A decade ago, when the Manifesto was launched, it was a breakthrough to value Individuals and interactions over processes and tools, and working software over comprehensive documentation.
In 2011, “working software” is not enough. Unless the customer is delighted by the working software, the future of the business is not bright. Customer delight has become the new bottom line of business. Firms that succeed in delighting their customers like Amazon [AMZN], Apple [AAPL] and Salesforce.com [CRM) enjoy happy customers, soaring profits and workers who can see meaning in their work. Firms that don’t experience the opposite.
In my presentation at the conference on Tuesday, I got some pushback from the audience to the idea that the Agile Manifesto needed updating. Agile was, they said, always about delighting the customers.
The seven ways in which agility is not enough
So in my presentation yesterday, I spelled out the seven ways in which the Agile Manifesto and even more important, Agile thinking, need to be upgraded to reflect the new bottom line of business.
1. Shift from an output to an outcome
The implicit goal of work in the Manifesto is “working software”, i.e. the production of an output—a thing. Even “delivery of a user story” is the production of a output. By contrast, delighting the customer is an outcome, i.e. a human experience. The shift from an output to an outcome is fundamental.
2. Shift from customer satisfaction to customer delight
Many Agile implementations talked about “satisfying the customer”, which is obviously an improvement on merely delivering working software.
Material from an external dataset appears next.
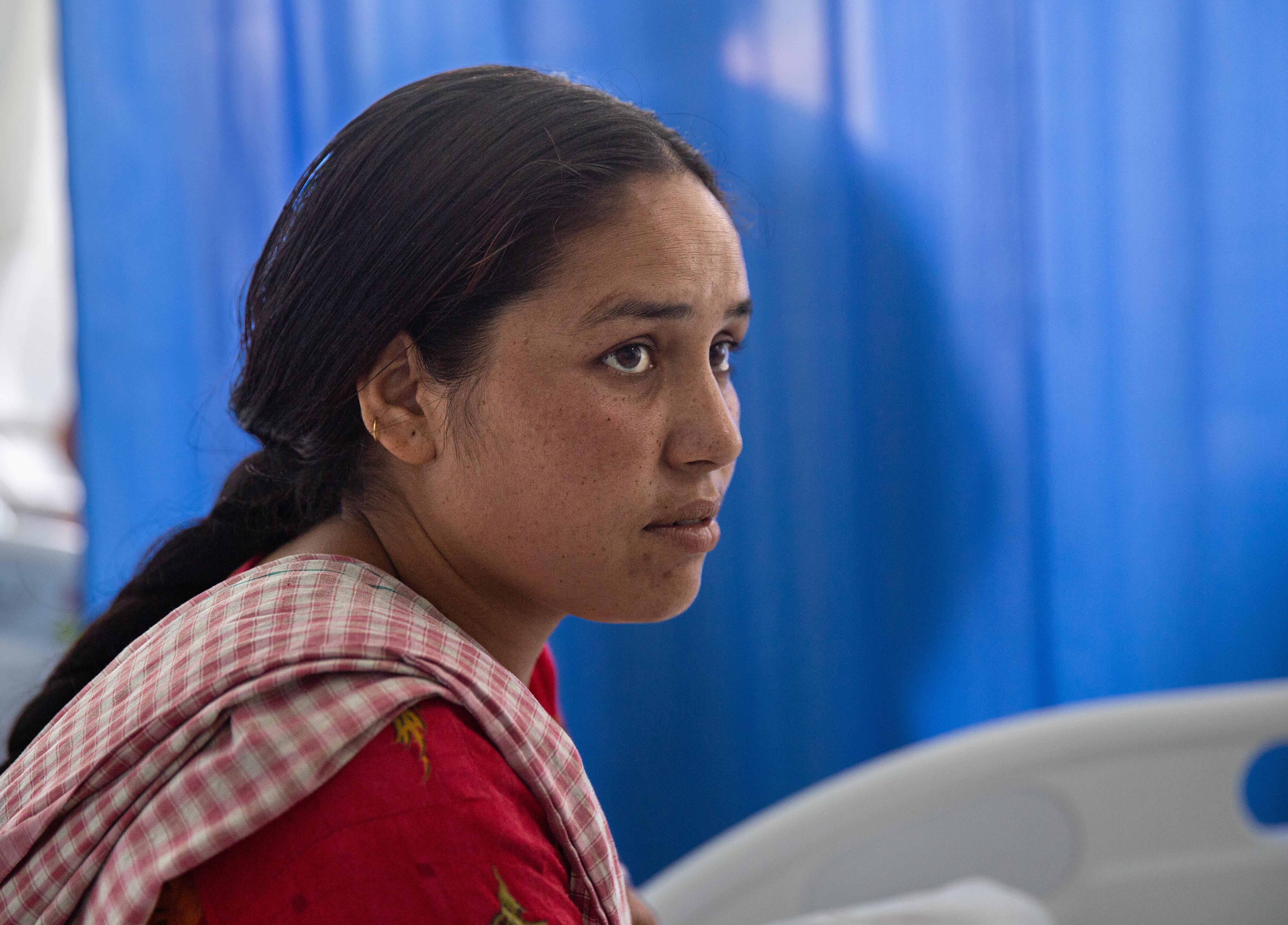 Dhriti, mother of two, recovers in a hospital in Nepal. She arrived in a critical condition, following an unsafe abortion.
But merely satisfying the customer is not enough. Today the customer must be positively surprised and excited! The bar has been raised.
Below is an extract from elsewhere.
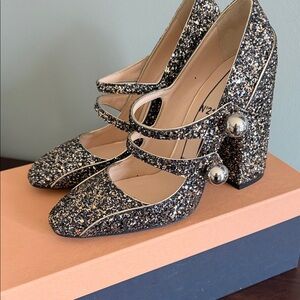 No. 21 Black and Gold Glitter Triple-Strap Mary Jane Pumps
3. Shift from an implicit goal to an explicit goal
It’s true that the best Agile implementations in practice delighted their customers. But that accomplishment was fragile. It depended on extraordinary individuals. When those individuals left, there was a risk that the organization would slide back into merely delivering software. To cement the goal in place, it is vital that it be the explicit goal of the firm.
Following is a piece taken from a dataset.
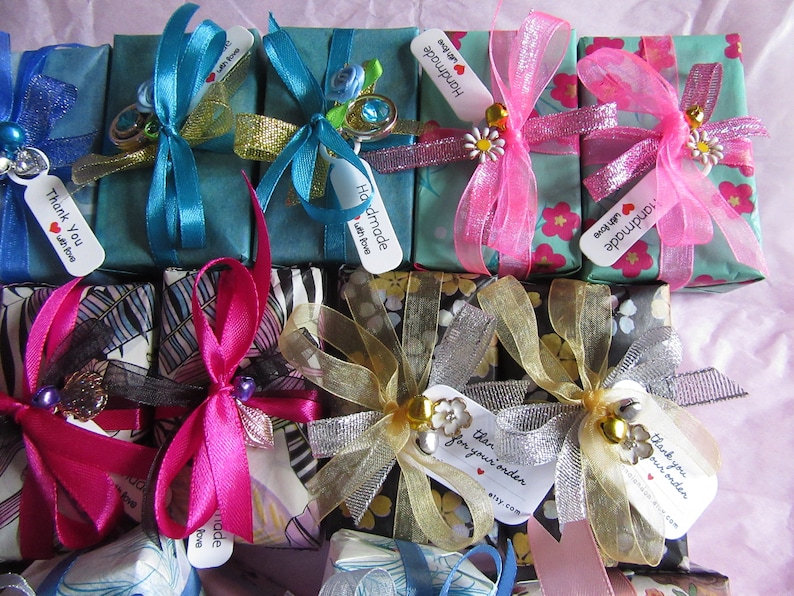 May include: Assortment of small gift boxes wrapped in various patterned papers and tied with colorful ribbons. The boxes have tags attached with the text "Handmade with love" and "Thank you".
4. Customer delight is a new dimension of “done” in Scrum
In the Scrum methodology, there has been a great deal of discussion about the definition of “done”. Most of them fail to recognize that the job is not fully “done” until the customer has been delighted.
5. The “product owner” in Scrum offers merely contingent value.
The nomination of a product owner in Scrum was an advance in the sense that having one voice to speak for the customer was an improvement on having multiple conflicting voices. But the product owner was merely a contingent solution: the product owner’s instructions were only valuable to the extent that they reflected the customer’s voice and gave guidance as to what would actually delight th customer—something that can only be determined by seeing what customers actually do.
6. It’s the bottom line for the whole organization
The focus of Agile and Scrum has been improving software development. There was rarely any discussion about the goal of the firm as a whole. This needs to change. When the firm as a whole is aimed at making money for shareholders, Agile software development will be working at odds with the management. The whole organization must be focused on delighting the customer as the bottom line of its business. Making money is a result, not the goal of the firm.
7. Customer delight is measured. e.g. Net Promoter Score
Finally the importance of measuring customer delight through the Net Promoter Score can hardly be over-emphasized. Without measurement, “customer delight” becomes an empty phrase or slogan, and the firm will slide back into focusing on the financial bottom line. It is only through measurement that the whole organization can be truly focused on delighting the customer.